First, the things I did right:

  • When I deployed the upgrade Saturday, I preserved the state of the database and application at exactly that moment.
  • All of the data in the system, every field of it, was audited. It was trivially easy to produce a report of every change made to the system from roll-out Saturday afternoon through roll-back Monday night.
  • When I rolled back the upgrade Monday night, I preserved the state of the upgraded database and application at exactly that moment.
  • When the client first noticed the problem, I dropped everything else and worked out a plan with them. The plan centered around getting their business back up first, and then dealing with the technology.
  • Their customers were completely back to normal at the start of business Tuesday.
  • The application runs on Windows Azure, which made preserving the old application state not only easy, but possible.

So what should I have done better?

  • My biggest error was overconfidence in my ability to roll back the upgrade.
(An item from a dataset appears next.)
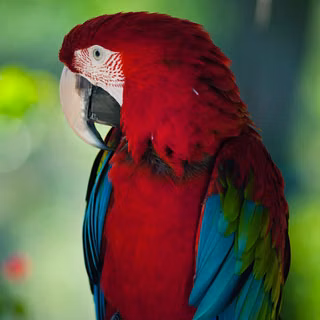 Australian Maccow Parrot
No matter what other errors I made, this was the root of all of them.
  • The second major error was not testing the UI on Internet Explorer 8. Mitigating this was the fact that neither I nor my client was aware that the bulk of their customers used IE8. However, given that people using IE8 were totally unable to use the application, even if the numbers of customers using IE8 was very small, the large impact should have put IE8 near the top of my regression test checklist.
  • Instead of spending a couple of hours re-entering data, I should have written a script to do it.
  • I have always regretted (though never more than today) publicizing the appointments IDENTITY column to the end user, because it's normal they'd use this ID for business purposes. This illustrates the danger—not just the sloppy design—of using a single database field for two purposes. Any future version of the application will have an OrderID field that is not a database plumbing field.

All in all, the good things outweighed the bad, and I may get back in my client's good graces when I roll out the next update. You know, the one that works on IE8, but still solves the looming problem of the platform's age.